28. ПУТЕШЕСТВИЕ БЕЗ УДОБСТВ
Приближалось 12 января 1924 года, мне исполнялось девять лет. Прежде ко дню рождения мать всегда готовила что-нибудь вкусное и непременно делала подарок -- разумеется, по тогдашним средствам и возможностям. Но на сей раз она заранее сказала, что никаких презентов ожидать мне не следует, я не заслуживаю их. Такое предуведомление огорчило меня и даже озлобило; быть может, именно оно и подтолкнуло меня к бегству из дома.
Случилось так, что в первых числах января к матери заглянула детдомовская фельдшерица Анна Васильевна, добрая знакомая ее еще по Хмелеву, а теперь служившая в рамушевском детдоме. Она вручила матери письмо от Зои Арсеньевны; в те времена многие старались пользоваться оказией, чтобы избежать расходов на марки. Фельдшерица приехала в Старую Руссу за медикаментами, а кроме того, привезла к зубному врачу двух детдомовцев: Витьку (он был из старшей спальни, фамилии и клички его не помню) и Колю Ситника (Ситникова), с которым я в детдоме дружил. Анна Васильевна зашла к нам вместе с ними, и, пока она беседовала с матерью, у меня с ребятами в сторонке шел свой тихий разговор. Сперва я пытался всякими неуклюжими иносказаниями выведать что-нибудь о Леле, но ничего из этого не вышло: ребят Леля совсем не интересовала, они, видно, считали ее самой обыкновенной девочкой. Затем я начал жаловаться на свои учебные трудности. Надо думать, я все преувеличил, получились уже не трудности, а ужасы, и Витька сказал мне, что дурак я, если терплю такое, -- мне надо со всех ног уматывать и из школы, и из дому. Коля Ситник присоединился к его вескому мнению. Я удивился, как эта мысль о бегстве самому мне раньше не пришла в голову. Но одному бежать страшновато... И вдруг выяснилось, что ребята тоже готовы удрать из детдома.
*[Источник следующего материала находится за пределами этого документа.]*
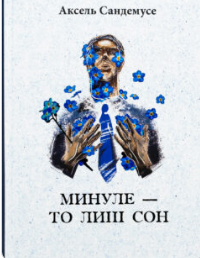 «Минуле — то лиш сон» Аксель Сандемусе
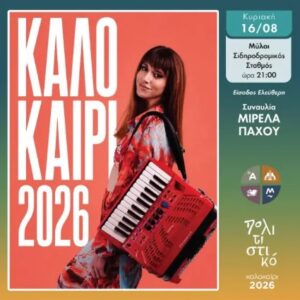 Read more about the article Δήμος Άργους – Μυκηνών: Συναυλία με τη Μιρέλα Πάχου στους Μύλους | Είσοδος Ελεύθερη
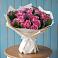 Букет цветов из: Розы в Анджиевский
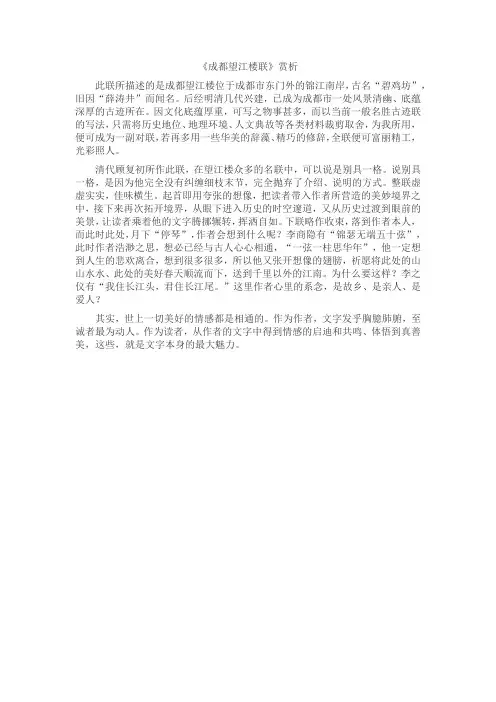 关于成都的对联及赏析500字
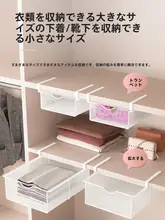 引き出し式下着収納ボックス【靴下やパンツ整理用・寝室やクローゼットに最適】（セットアップ対応）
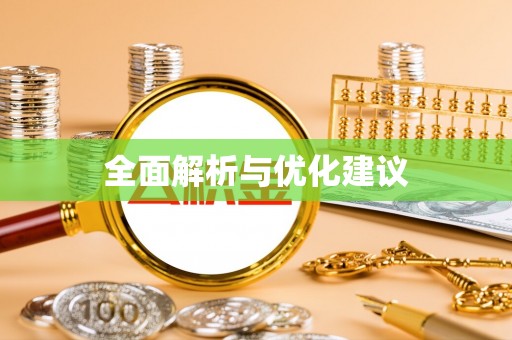 贵德全面解析与优化建议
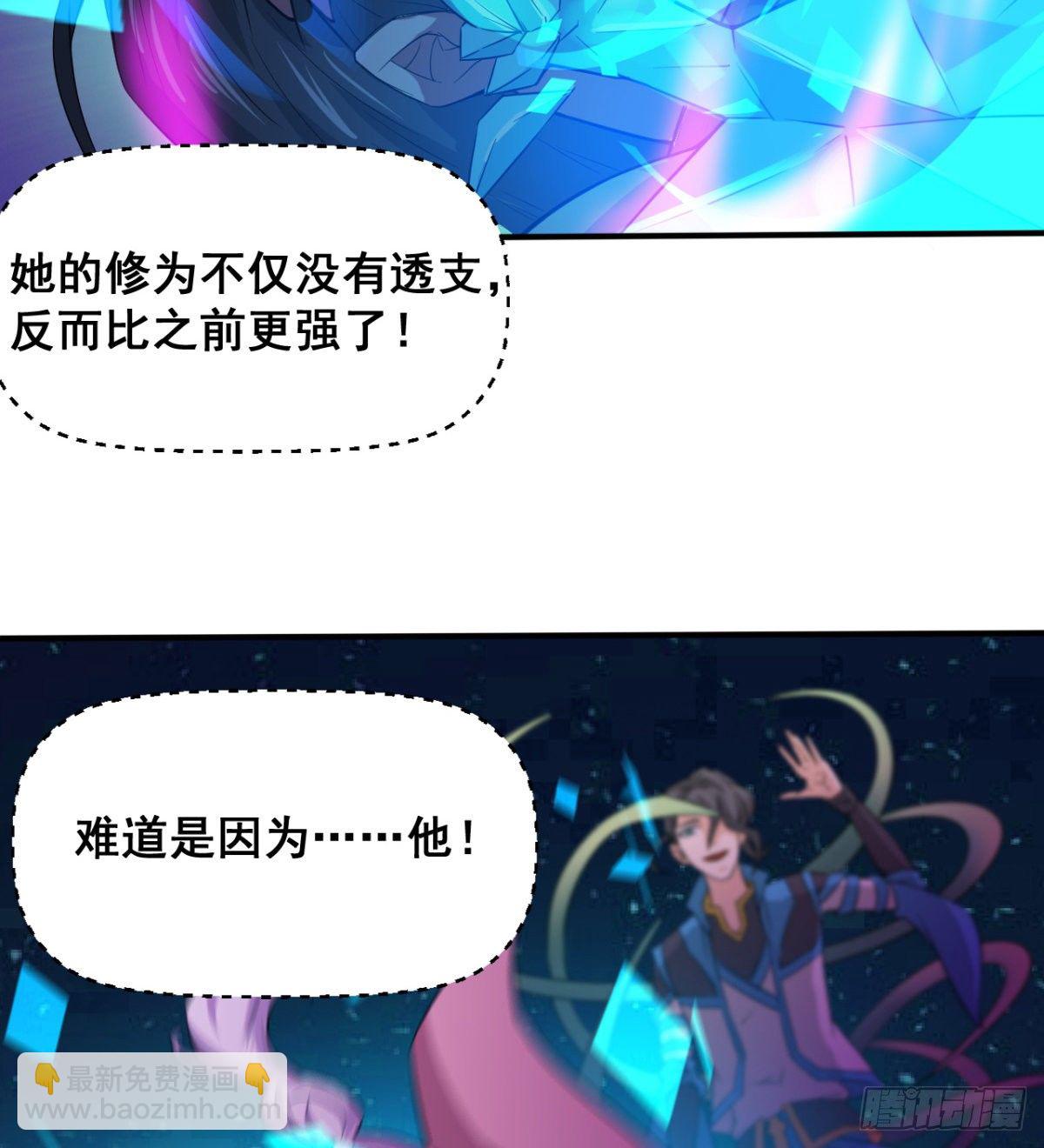 不被魔皇承认54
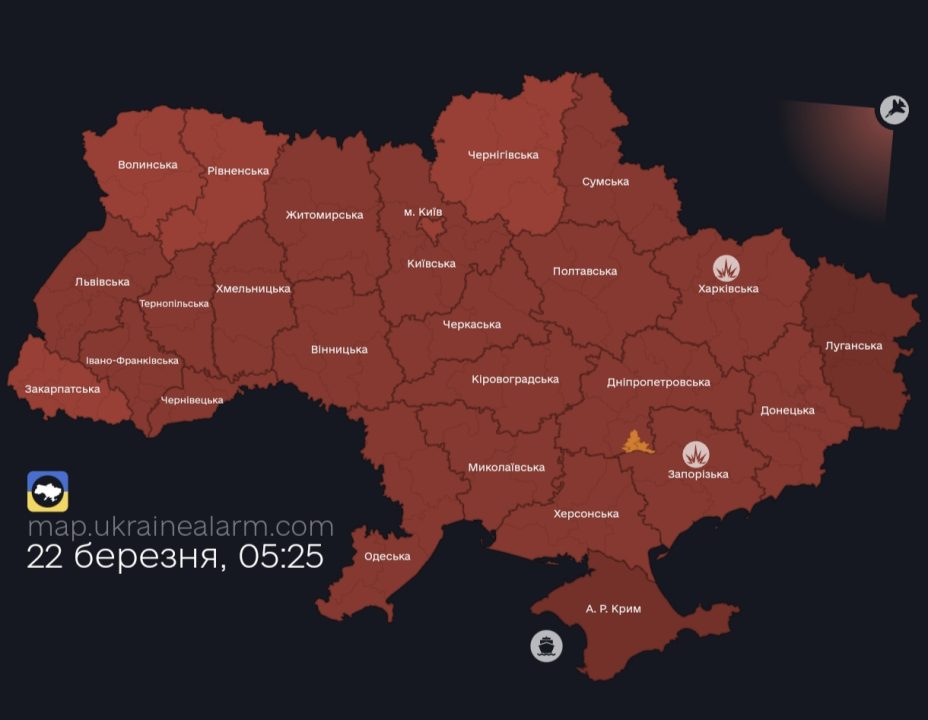 Російські окупанти здійснили комбіновану атаку на Україну: що відомо станом на зараз - рис. 2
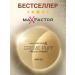 MAX FACTOR Facial powder matting Creme puff 53 original - Buy Online on GoSupps.com
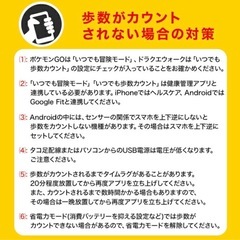 歩数稼ぎ 振り子 スマホスインガーの画像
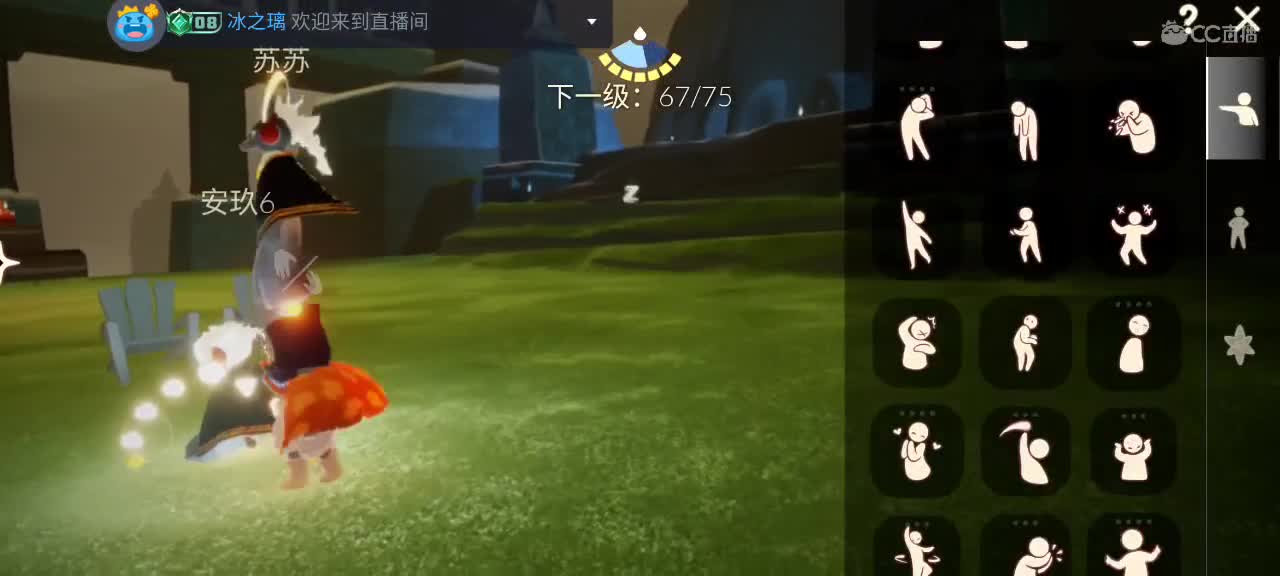 悠闲光遇时间 第2段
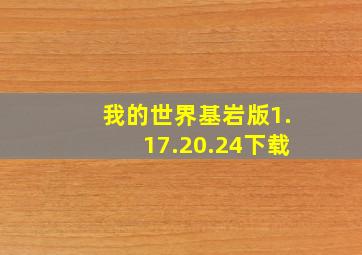 我的世界基岩版1.17.20.24下载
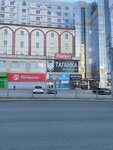Medea (Samara, Moskovskoye Highway, 41), tienda de muebles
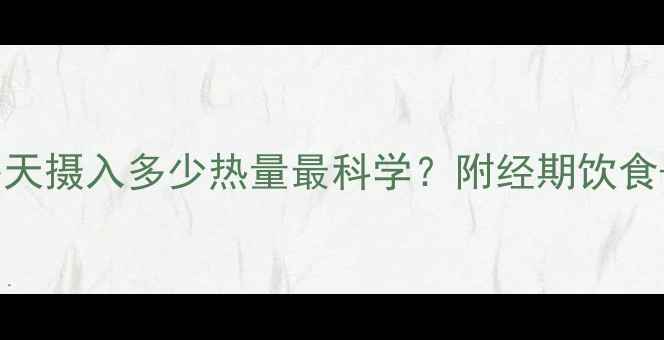 图片 经期减肥：每天摄入多少热量最科学？附经期饮食+运动全攻略1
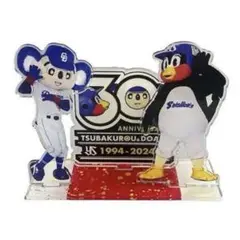 つば九郎 ＆ ドアラ 30周年 アクリルスタンド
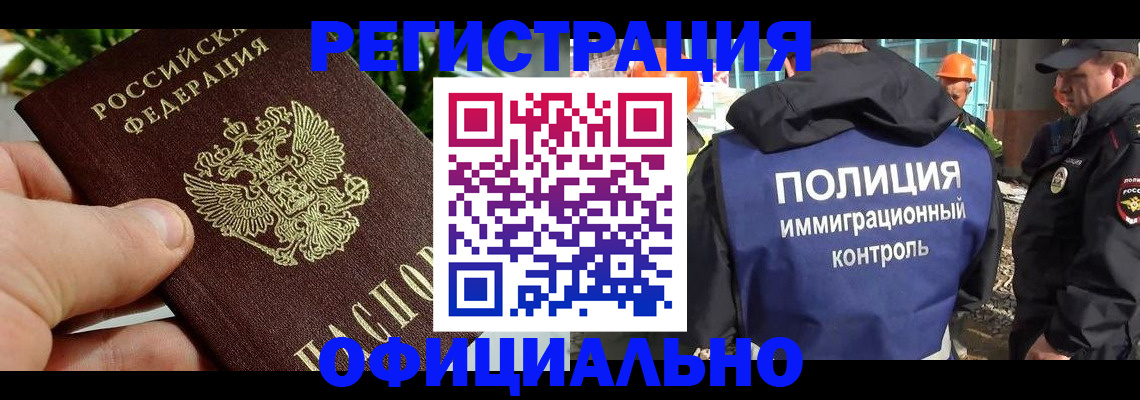 прописка ребенка в Зуевке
На этом разговор наш прервался, так как Анна Васильевна собралась уходить.
Через день или два, часа в четыре вечера, когда чуть-чуть смеркалось, я сидел в комнате один -- мать ушла с сестрой на прогулку, -- и вдруг входит Коля Ситник.
-- Витька на бану дожидается! Похряли туда! -- заявил он с ходу. -- Или ты сдрейфил?